* _WHAT YOU NEED TO DO_
Pictures stay out. Everything else in the listing below gets written out exactly.

* _TASK INPUTS_
· · · · ·

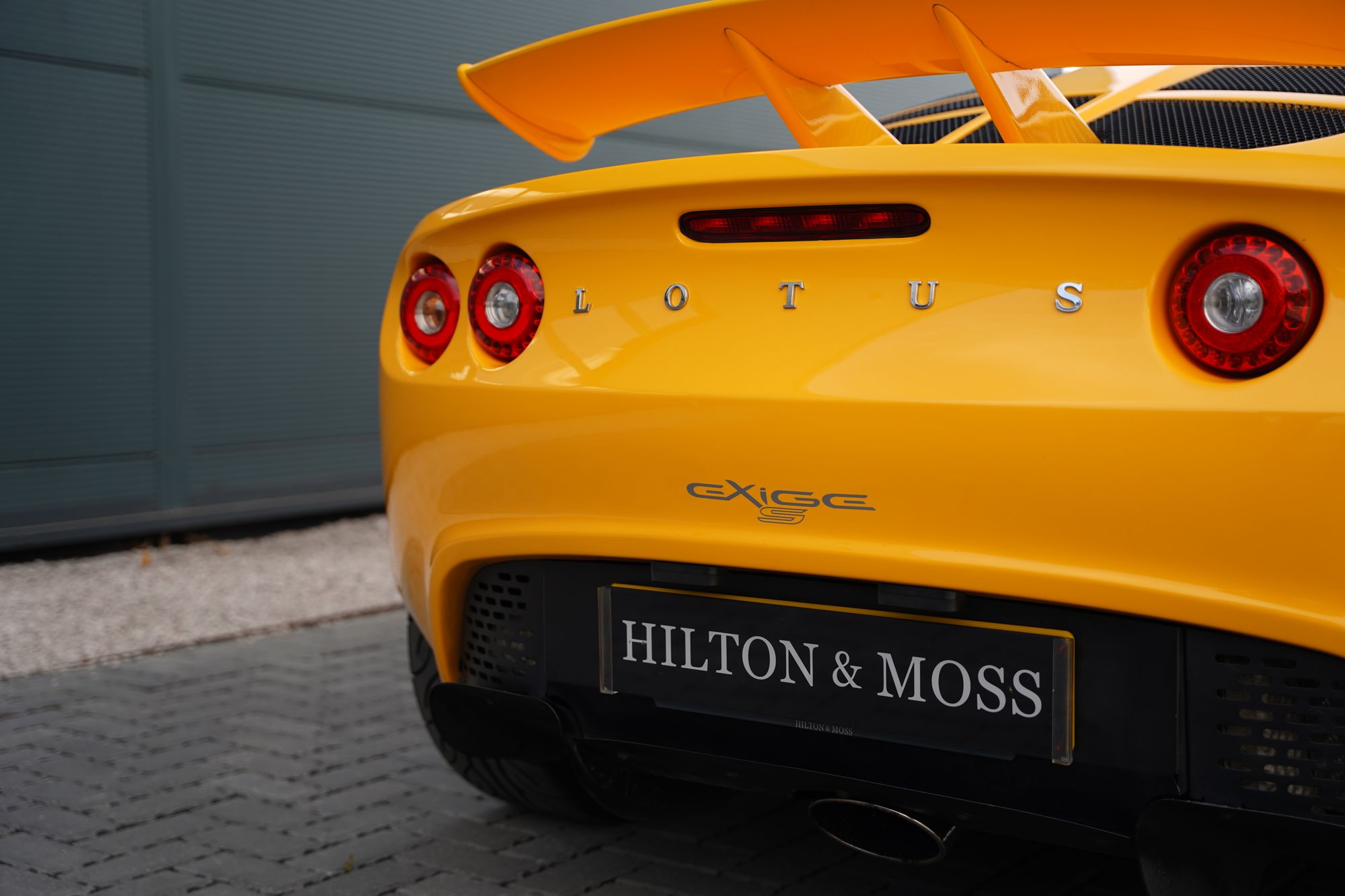 2008 Lotus Exige S2 S 240 'Triple Pack'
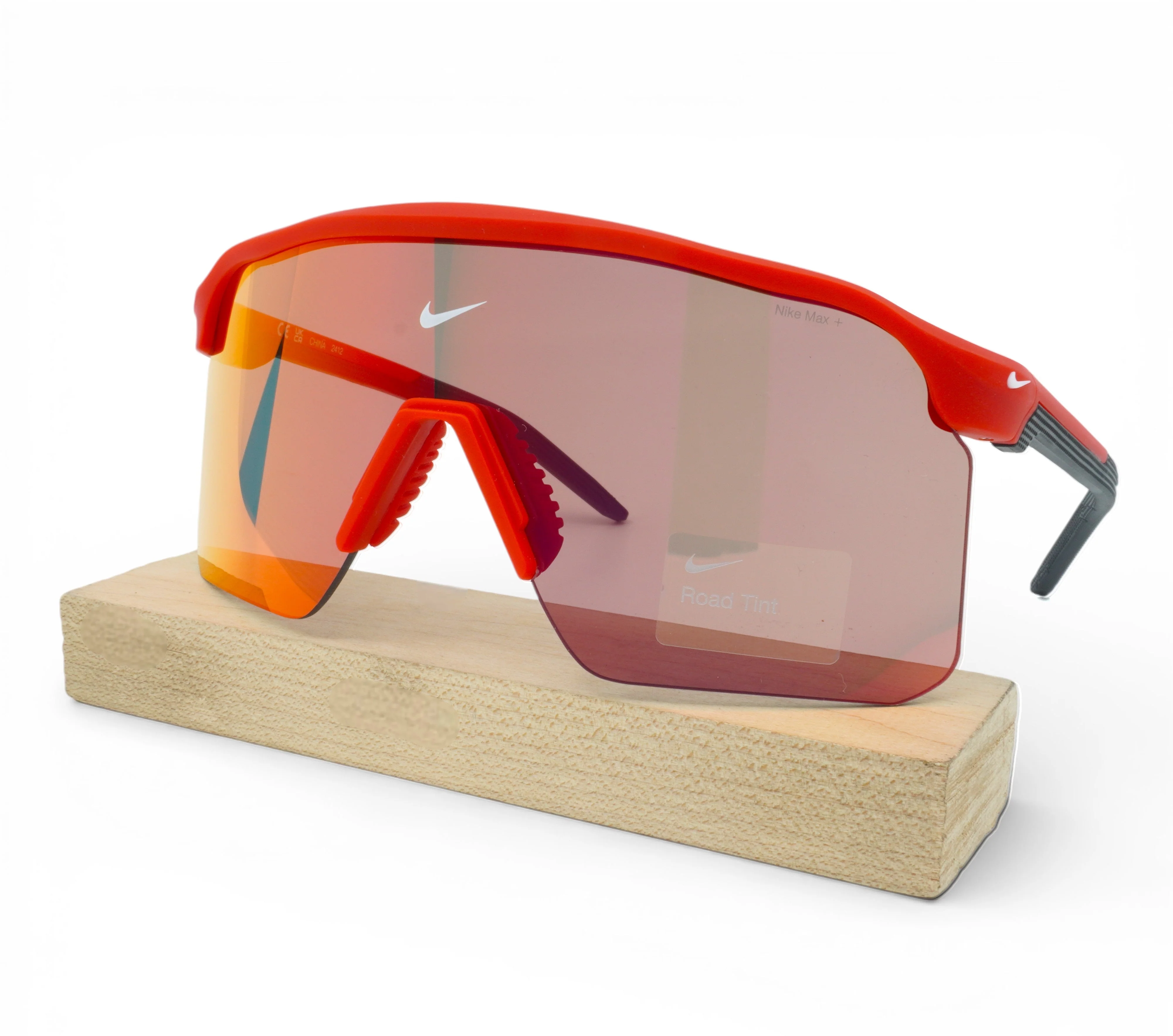 Consistent Nike Men's Expedition Shield Team Sunglasses - IH0899-675 Clean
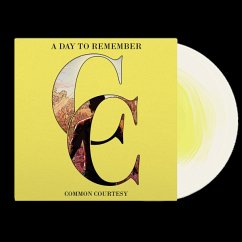 Common Courtesy-Reissue (Limited Lemon Clear Col - A Day To Remember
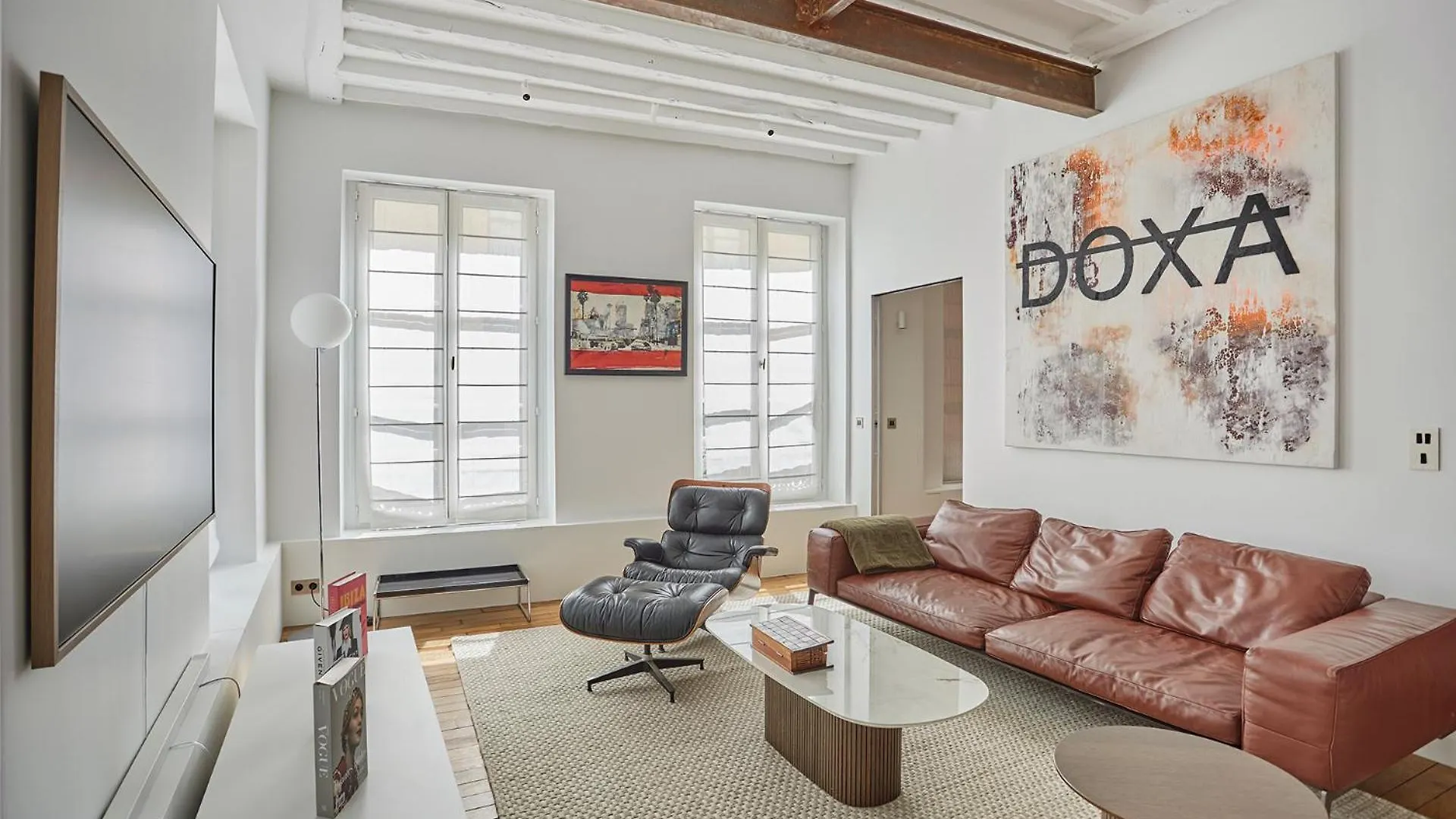 Amazing 2 Bedrooms Apartment Paris Center By Studio Prestige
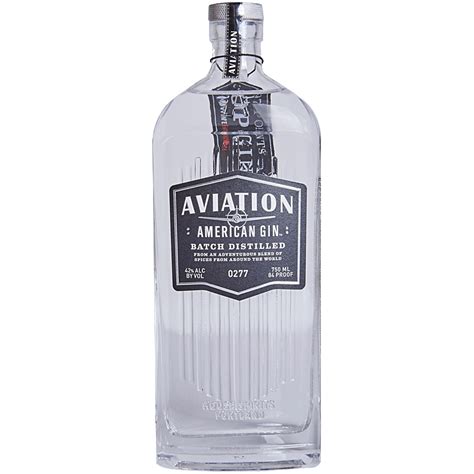 Aviation american gin is a welcome departure from the traditional london dry style, and the brand's extreme mixability appeals to a much wider audience of food and cocktail enthusiasts. Aviation Archives - Easy Bar Drinks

· · · · ·

* _YOUR SOLUTION_
 2008 Lotus Exige S2 S 240 'Triple Pack'
 Consistent Nike Men's Expedition Shield Team Sunglasses - IH0899-675 Clean
 Common Courtesy-Reissue (Limited Lemon Clear Col - A Day To Remember
 Amazing 2 Bedrooms Apartment Paris Center By Studio Prestige
 Aviation american gin is a welcome departure from the traditional london dry style, and the brand's extreme mixability appeals to a much wider audience of food and cocktail enthusiasts. Aviation Archives - Easy Bar Drinks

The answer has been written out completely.